In ambito di diritto di famiglia, la Suprema Corte di Cassazione nella recente ordinanza n. 19540 ha ribadito l’ormai consolidato orientamento secondo cui la revoca del consenso da parte di uno dei coniugi non comporta l’improcedibilità della domanda congiunta di divorzio.

Contrariamente a quanto accade in sede di separazione consensuale – dove la revoca del consenso comporta il venir meno dell’accordo tra le parti, requisito indispensabile ai fini dell’accoglimento della domanda – nel caso in cui una parte dovesse decidere di revocare il proprio consenso alla domanda congiunta di divorzio, non sarebbe comunque precluso al Giudice l’accertamento della sussistenza dei presupposti per la pronuncia di divorzio. 

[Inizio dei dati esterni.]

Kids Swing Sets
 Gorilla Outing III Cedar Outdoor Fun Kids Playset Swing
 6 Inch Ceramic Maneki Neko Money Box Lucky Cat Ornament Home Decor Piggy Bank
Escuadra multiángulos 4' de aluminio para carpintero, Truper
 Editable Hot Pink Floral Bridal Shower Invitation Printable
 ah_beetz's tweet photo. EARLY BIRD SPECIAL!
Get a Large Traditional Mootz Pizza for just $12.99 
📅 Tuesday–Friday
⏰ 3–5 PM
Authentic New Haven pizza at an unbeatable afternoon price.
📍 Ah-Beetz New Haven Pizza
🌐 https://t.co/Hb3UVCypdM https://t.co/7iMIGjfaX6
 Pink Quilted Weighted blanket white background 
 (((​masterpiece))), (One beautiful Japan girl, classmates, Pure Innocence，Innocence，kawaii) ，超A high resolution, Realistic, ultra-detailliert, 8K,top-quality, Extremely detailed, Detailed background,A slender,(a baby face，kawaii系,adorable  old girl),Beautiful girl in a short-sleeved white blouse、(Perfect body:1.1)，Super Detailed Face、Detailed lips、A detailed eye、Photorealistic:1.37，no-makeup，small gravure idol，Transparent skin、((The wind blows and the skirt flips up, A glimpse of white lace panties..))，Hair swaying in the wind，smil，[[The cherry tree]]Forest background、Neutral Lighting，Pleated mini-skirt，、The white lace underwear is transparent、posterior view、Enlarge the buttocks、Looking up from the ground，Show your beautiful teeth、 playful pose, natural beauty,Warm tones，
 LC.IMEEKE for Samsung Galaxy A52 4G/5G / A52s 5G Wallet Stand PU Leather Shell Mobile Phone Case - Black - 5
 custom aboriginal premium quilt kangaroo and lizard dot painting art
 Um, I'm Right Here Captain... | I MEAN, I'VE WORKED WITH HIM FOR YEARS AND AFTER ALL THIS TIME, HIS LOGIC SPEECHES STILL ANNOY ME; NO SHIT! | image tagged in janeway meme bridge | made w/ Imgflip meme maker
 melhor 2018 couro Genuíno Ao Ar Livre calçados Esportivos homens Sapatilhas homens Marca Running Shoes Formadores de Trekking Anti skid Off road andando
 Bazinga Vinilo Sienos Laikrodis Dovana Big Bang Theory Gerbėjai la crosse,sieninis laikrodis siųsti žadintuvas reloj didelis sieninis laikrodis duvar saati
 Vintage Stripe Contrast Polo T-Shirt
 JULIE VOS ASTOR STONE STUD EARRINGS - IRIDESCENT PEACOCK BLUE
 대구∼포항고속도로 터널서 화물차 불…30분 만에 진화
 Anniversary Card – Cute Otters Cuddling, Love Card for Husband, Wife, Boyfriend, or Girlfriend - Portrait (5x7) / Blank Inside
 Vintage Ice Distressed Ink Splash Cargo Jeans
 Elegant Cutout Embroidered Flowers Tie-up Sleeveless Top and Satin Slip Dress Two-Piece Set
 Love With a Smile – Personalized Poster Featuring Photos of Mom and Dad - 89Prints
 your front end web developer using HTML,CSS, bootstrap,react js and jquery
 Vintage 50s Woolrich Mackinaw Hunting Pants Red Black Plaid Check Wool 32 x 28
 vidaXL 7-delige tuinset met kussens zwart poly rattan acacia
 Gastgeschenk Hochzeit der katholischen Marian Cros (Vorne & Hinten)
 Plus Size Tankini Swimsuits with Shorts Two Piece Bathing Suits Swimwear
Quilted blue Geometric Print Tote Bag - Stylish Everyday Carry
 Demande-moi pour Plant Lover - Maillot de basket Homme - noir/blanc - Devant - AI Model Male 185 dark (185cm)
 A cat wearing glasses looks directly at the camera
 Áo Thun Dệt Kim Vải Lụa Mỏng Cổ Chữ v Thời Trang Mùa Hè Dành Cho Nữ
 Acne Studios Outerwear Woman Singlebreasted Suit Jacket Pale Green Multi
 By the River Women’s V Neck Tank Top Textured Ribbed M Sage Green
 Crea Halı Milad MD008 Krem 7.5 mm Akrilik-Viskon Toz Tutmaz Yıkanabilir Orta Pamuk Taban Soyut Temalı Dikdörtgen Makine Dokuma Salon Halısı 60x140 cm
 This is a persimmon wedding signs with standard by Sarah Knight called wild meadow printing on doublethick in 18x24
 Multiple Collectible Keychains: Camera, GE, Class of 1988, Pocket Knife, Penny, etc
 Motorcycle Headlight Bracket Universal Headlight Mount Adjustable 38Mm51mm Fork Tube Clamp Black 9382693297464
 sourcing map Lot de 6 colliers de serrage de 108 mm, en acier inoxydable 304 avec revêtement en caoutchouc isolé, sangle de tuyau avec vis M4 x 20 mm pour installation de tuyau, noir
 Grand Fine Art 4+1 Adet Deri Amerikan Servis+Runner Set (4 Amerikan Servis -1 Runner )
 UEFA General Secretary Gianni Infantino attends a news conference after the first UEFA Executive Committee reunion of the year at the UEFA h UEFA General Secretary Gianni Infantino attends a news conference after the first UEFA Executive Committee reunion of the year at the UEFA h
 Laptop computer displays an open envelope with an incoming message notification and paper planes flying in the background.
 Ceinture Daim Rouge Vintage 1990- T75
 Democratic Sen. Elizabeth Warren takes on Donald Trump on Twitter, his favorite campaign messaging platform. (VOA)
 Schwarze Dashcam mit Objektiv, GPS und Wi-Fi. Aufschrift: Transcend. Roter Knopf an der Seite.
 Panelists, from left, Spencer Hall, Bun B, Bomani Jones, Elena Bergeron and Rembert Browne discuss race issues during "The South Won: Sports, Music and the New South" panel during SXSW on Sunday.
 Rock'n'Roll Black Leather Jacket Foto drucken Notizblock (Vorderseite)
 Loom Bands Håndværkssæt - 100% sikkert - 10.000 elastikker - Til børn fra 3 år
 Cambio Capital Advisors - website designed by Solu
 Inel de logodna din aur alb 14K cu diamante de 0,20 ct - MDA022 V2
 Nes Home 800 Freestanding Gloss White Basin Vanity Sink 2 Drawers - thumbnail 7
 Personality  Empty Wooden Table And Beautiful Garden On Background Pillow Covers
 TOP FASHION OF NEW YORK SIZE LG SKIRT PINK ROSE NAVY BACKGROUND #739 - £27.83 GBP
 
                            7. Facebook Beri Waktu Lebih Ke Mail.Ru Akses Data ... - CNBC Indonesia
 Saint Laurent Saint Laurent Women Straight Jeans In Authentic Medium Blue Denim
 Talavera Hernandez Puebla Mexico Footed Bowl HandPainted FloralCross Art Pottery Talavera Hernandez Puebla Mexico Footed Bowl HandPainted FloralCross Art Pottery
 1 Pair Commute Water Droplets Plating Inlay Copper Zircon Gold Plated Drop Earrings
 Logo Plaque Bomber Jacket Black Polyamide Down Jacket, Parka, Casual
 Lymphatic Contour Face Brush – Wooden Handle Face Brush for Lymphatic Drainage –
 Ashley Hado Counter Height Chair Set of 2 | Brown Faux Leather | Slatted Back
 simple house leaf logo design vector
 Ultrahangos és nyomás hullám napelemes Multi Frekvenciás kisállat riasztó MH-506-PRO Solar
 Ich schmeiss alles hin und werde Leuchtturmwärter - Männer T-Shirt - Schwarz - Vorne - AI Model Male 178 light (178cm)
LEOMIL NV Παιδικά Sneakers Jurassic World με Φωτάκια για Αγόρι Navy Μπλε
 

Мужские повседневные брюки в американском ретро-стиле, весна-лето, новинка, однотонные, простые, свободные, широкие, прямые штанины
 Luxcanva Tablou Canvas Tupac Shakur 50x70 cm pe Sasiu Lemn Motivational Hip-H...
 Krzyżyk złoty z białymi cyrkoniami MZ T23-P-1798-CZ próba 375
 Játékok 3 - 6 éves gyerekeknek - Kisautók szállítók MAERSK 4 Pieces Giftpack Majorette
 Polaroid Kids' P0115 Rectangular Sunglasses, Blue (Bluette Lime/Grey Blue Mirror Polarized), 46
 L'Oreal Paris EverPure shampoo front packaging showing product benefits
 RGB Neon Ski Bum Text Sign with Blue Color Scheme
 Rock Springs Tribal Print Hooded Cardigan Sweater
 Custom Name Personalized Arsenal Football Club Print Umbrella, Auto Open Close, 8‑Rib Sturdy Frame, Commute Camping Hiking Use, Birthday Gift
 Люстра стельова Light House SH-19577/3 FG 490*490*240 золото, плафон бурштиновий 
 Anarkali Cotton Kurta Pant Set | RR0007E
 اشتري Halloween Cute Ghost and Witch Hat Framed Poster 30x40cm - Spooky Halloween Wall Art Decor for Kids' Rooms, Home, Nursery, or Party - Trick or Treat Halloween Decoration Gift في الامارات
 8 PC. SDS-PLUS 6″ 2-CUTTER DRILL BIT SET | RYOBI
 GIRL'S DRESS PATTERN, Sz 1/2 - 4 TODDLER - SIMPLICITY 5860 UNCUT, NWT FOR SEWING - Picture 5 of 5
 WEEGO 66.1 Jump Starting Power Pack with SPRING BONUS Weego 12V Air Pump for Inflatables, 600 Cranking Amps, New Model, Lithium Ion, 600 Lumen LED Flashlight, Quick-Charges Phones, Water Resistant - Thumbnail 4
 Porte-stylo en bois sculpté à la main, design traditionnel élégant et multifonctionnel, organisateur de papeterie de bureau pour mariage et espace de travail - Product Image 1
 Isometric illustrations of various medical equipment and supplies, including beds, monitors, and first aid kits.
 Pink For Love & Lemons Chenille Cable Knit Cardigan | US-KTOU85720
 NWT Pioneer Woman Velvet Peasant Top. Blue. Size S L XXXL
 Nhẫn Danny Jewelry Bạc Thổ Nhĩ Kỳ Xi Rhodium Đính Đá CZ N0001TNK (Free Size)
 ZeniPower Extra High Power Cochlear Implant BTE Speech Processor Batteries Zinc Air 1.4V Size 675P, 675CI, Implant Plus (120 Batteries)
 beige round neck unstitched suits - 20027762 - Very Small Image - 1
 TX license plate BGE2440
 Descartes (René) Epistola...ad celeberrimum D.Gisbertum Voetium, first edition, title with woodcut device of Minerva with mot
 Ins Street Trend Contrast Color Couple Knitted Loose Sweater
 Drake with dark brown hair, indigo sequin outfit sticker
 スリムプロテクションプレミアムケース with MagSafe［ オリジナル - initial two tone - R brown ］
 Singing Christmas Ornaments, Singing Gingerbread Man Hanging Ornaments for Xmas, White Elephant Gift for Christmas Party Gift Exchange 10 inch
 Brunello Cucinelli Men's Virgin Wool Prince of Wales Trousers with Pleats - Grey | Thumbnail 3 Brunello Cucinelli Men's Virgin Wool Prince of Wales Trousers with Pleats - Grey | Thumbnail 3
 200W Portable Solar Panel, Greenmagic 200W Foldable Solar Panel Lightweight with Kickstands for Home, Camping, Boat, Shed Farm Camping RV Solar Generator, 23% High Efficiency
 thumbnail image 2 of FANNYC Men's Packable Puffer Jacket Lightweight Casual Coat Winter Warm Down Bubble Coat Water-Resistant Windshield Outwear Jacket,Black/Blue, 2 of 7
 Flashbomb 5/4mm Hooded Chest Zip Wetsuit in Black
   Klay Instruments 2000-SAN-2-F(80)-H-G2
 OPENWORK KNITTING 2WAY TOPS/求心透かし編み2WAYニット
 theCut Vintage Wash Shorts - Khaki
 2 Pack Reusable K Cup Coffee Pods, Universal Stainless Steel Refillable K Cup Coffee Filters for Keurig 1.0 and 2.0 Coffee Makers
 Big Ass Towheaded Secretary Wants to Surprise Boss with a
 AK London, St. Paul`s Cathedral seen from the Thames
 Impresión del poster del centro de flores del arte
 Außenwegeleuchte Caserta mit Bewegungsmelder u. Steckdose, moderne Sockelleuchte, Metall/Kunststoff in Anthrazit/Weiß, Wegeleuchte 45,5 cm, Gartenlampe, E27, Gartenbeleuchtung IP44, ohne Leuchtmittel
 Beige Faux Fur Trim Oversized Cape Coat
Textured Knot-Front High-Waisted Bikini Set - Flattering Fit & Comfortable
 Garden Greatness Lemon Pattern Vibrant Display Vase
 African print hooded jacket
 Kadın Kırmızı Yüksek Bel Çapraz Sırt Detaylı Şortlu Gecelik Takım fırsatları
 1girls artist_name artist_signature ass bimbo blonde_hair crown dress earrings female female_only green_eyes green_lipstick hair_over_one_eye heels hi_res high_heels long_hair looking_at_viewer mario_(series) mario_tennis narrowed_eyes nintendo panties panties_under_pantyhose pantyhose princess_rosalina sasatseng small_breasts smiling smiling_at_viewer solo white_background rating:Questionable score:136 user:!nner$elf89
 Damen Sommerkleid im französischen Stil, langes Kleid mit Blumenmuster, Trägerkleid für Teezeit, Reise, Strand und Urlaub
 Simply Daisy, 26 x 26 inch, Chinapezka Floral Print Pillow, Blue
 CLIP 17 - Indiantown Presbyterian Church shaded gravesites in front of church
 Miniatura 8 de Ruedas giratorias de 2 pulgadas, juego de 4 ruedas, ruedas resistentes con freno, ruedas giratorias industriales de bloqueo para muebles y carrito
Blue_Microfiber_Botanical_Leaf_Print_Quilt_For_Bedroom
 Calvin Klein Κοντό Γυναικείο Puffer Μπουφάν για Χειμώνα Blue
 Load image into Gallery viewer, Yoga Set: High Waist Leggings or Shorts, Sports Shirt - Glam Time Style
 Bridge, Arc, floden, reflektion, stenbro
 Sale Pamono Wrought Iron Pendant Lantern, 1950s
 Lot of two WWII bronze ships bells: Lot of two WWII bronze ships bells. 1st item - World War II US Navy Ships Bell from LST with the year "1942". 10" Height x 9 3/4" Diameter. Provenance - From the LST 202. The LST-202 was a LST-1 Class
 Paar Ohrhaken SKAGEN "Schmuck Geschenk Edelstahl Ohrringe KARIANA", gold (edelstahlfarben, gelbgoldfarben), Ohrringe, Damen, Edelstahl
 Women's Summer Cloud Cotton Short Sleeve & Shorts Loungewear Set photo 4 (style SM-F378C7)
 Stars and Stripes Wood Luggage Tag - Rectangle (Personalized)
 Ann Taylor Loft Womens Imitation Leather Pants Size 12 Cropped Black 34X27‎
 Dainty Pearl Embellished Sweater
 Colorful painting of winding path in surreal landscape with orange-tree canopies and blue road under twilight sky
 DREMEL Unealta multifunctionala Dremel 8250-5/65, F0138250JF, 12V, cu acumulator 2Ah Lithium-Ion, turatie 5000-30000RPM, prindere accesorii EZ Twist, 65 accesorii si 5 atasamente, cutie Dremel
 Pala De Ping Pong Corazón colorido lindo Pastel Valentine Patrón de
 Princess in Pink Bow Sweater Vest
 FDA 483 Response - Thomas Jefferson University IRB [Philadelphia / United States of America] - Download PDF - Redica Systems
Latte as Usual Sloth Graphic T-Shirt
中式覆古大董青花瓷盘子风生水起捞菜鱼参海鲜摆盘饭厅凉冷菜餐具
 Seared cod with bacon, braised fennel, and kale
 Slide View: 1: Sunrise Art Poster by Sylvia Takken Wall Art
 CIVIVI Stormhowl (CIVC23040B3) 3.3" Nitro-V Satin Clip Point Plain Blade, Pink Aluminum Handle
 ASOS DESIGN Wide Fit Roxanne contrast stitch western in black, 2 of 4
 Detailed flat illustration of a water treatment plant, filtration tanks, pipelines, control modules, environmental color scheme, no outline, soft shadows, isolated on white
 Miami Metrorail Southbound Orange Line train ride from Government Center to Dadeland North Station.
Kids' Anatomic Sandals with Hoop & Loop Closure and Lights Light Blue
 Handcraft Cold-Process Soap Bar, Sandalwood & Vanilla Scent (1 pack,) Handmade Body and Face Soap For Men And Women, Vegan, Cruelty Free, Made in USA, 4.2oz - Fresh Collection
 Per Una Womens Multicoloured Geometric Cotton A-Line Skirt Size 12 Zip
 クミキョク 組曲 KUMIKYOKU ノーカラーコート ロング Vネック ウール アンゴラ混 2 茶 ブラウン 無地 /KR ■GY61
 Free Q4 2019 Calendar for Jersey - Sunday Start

Le ragioni sottostanti a tale orientamento sono da individuare nella natura propria del procedimento di divorzio, radicalmente diversa da quello di separazione. Secondo la Cassazione, il ricorso volto ad ottenere una pronuncia sullo scioglimento o sulla cessazione degli effetti civili del matrimonio non ha natura prettamente negoziale, ma ha natura in primis ricognitiva. 

In conclusione, la revoca del consenso prestato nell’accordo di separazione consensuale rende inammissibile la domanda, ma il ritiro della dichiarazione ricognitiva non è di impedimento al Tribunale per procedere alla verifica della sussistenza dei presupposti necessari per la pronuncia di divorzio e l’emissione della relativa sentenza.